Hsa-miR-31-5p controls a metabolic switch in psoriatic keratinocytes that identifies therapeutic intervention

• Published in: bioRxiv
• Main Authors: Wang, Maojie, Yue, Yong, Vos, Harmjan, M Can Gulersonmez, Edwin Ca Stigter, Gerrits, Johan, Marc Pages Gallego, Robert Van Es, Li, Li, Deng, Hao, Han, Ling, Huang, Runyue, Lu, Chuanjian, Burgering, Boudewijn M
• Format: Paper
• Language: English
• Published: Cold Spring Harbor Cold Spring Harbor Laboratory Press 22.01.2022
• Subjects: Cell activation; Cell differentiation; Glucose; Glutaminase; Glutamine; Helper cells; Keratinocytes; Lymphocytes T; Metabolism; Metabolites; miRNA; Phenotypes; Psoriasis
• DOI: 10.1101/2022.01.21.477183

Psoriasis is characterized by a combination of keratinocyte hyperproliferation and immune cell activation.
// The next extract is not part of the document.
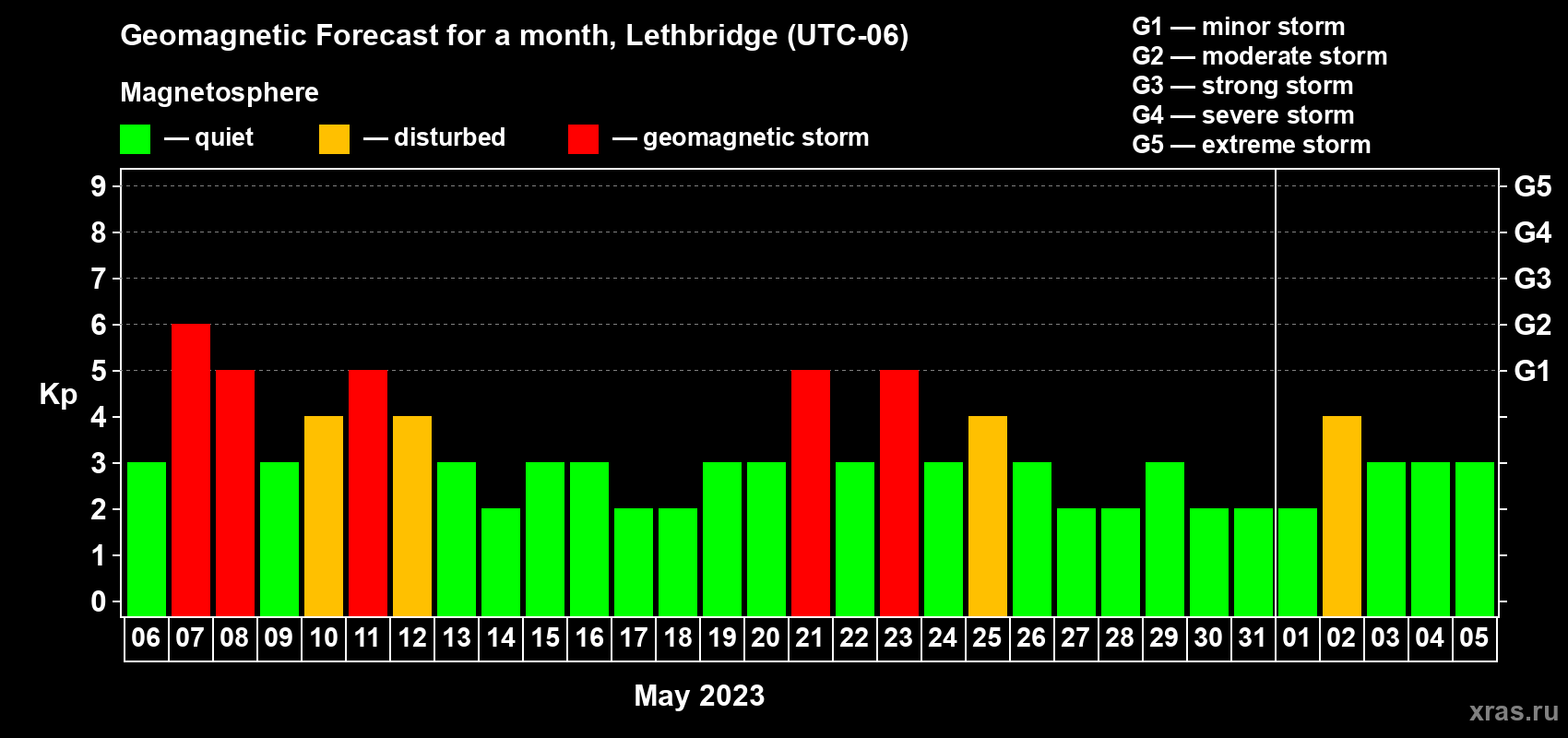 Forecast of the daily maximal value of geomagnetic index Kp for <b>1 month</b> (31 days) <b>from May 06, 2023 to Jun 05, 2023</b>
Immune cell activation requires increased glucose consumption, consequently limiting glucose availability for other cell types like keratinocytes. In psoriasis Hsa-microRNA-31-5p (miR-31) is highly expressed in keratinocytes. Here we show that miR-31 expression in keratinocytes is induced by limited glucose availability and increases survival under limiting glucose conditions, by increasing glutamine metabolism. In addition, miR-31 induced glutamine metabolism results in secretion of specific metabolites (aspartate and glutamate) but also immuno-modulatory factors. We show that this miR-31-induced secretory phenotype is sufficient to induce Th17 cell differentiation, a hallmark of psoriasis. Inhibition of glutaminase (GLS) using CB-839 impedes miR31-induced metabolic rewiring and secretion of immuno-modulatory factors. Concordantly, pharmacological targeting of GLS alleviated psoriasis pathology in a mouse model of psoriasis. Together our data illustrate an emerging concept of metabolic interaction across cell compartments that characterizes disease development, which can be employed to design effective treatment options for disease, as shown here for psoriasis.